Based on your
comments about how the Carver amp performed it sounded like much of your earlier trouble with a non-biamped configuration had to do with the influence of the other amp you'd been using, not any deficiency in the speaker or the amount of power being provided to it. Your fronts are active speakers - it's a very different design than the typical speaker, with the crossovers located
before the amps that power each driver. The approach used with your mains is also called active bi-amping, and it's the most effective way to bi-amp. It's also the most difficult to implement, best performed by the original designer (as was the case with your Active 40's) or someone with a great deal of knowledge about crossover circuit designs and the specific speakers in question (as was the case with the past forum regular soundhound, who I believe actually tri-amped his horn speakers with an array of tube amps). It's not essential to bi-amp the other speakers (Paradigm designed them assuming that the vast majority of users wouldn't, and any time you tweak the input level to half of the speaker it could be considered distorting the original design).

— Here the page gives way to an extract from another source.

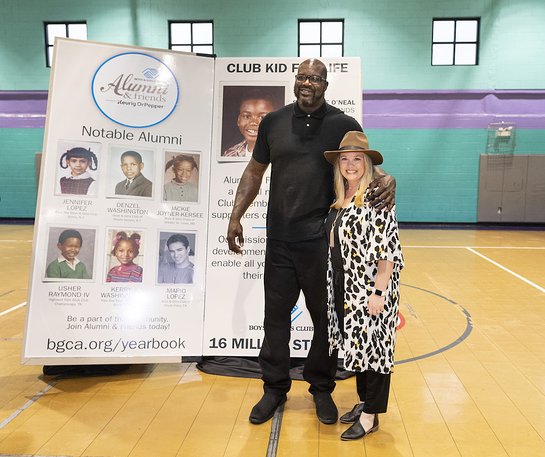 Shaquille O'Neal announced the winner of the Alumni & Friends Yearbook contest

Passive bi-amping (the approach you are planning on using, in which the crossovers remain in place downstream of the amps) is mainly a method of providing more power than a single amp could produce; introducing the ability to adjust high freq and low freq levels independently is more of a side-effect. That means that you could have the equivalent of a 400W amp driving your Studio CC by using two 200W amp channels, and along the way you may happen to have the ability to adjust the tweeter separately from the woofer. The level controls are often used in that case to help balance things, but you really do start messing with the designer's intent at some point.